Et, pour revenir et terminer avec la petite Thérèse, celle-ci finit même par parler de nous (en ce dimanche 12 mai 2024 …), en s’appropriant là encore les paroles de Jésus ; « Ce n’est pas seulement pour eux [mes sœurs novices] que je prie, mais c’est encore pour ceux qui croiront en vous ».

Alors, nous aussi nous pouvons faire nôtre la prière de Jésus en ce chapitre 17, et prier le Père en disant « Sanctifie-les dans la vérité : ta parole est vérité ». Reconnaissons humblement que l’accueil de la vérité ne dépend pas de nous, que nous ne pouvons pas forcer un proche à croire en cette vérité qu’est Jésus et qui sanctifie toute personne croyant en lui.
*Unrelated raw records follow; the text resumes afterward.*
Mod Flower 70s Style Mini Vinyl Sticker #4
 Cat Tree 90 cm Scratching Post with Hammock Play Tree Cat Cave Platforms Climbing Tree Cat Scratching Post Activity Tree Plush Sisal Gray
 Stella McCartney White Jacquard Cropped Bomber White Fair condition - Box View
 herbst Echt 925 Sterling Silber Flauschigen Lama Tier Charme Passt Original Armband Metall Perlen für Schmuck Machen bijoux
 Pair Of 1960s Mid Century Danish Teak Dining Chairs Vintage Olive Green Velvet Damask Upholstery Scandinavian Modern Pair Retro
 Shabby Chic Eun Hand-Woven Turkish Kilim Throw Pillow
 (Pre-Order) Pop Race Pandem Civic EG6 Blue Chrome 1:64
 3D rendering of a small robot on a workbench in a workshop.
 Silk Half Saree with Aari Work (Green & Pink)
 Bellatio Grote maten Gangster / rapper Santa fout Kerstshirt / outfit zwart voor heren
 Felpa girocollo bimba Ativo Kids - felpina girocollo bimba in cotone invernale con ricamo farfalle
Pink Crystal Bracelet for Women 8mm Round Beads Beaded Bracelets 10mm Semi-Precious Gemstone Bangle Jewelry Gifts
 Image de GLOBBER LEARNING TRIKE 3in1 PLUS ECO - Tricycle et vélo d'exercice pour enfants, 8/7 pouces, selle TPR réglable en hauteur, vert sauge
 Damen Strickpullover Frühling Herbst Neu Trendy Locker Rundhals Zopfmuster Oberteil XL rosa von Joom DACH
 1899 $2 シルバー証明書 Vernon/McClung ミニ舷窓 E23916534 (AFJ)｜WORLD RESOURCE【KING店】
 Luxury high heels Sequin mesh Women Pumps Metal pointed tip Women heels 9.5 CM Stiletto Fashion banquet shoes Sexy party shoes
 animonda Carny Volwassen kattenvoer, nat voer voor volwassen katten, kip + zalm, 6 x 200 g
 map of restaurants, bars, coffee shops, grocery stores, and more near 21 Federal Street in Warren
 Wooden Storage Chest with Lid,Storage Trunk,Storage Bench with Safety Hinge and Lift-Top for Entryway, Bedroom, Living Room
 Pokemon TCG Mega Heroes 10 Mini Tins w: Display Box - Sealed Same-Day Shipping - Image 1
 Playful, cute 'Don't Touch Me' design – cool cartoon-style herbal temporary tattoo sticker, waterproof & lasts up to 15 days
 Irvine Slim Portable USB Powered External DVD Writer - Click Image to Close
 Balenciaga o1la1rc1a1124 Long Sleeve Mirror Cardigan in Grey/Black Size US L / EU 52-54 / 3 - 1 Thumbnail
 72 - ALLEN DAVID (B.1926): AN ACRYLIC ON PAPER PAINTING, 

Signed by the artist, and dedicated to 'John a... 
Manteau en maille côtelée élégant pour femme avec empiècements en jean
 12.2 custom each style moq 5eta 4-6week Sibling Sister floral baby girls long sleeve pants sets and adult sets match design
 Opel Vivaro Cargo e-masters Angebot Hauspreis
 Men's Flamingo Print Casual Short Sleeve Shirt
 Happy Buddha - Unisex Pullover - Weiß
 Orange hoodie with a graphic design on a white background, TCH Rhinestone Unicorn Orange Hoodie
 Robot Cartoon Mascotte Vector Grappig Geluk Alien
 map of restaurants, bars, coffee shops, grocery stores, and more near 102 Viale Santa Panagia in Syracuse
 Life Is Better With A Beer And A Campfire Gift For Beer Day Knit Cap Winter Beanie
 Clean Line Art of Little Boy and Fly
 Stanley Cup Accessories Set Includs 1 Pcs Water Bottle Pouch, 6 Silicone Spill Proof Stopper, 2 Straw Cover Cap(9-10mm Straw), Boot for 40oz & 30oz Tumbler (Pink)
Cela peut être douloureux ; vivre avec un conjoint non croyant, avoir des enfants ou petits-enfants éloignés de l’Église…

Mais ce que nous pouvons toujours faire, c’est nous approprier cette parole émouvante du Christ et la faire nôtre ; « pour eux je me sanctifie moi-même, afin qu’ils soient, eux aussi, sanctifiés dans la vérité », que je sois consacré (pour la sanctification de toute l’Église), que je sois sur le tard de ma vie (pour les membres de ma famille), que je sois malade ou isolé (pour toutes les personnes en nécessité). Toute âme qui s’élève, élève le monde avec elle …

Fr. Cyril Robert - (Couvent de Paris)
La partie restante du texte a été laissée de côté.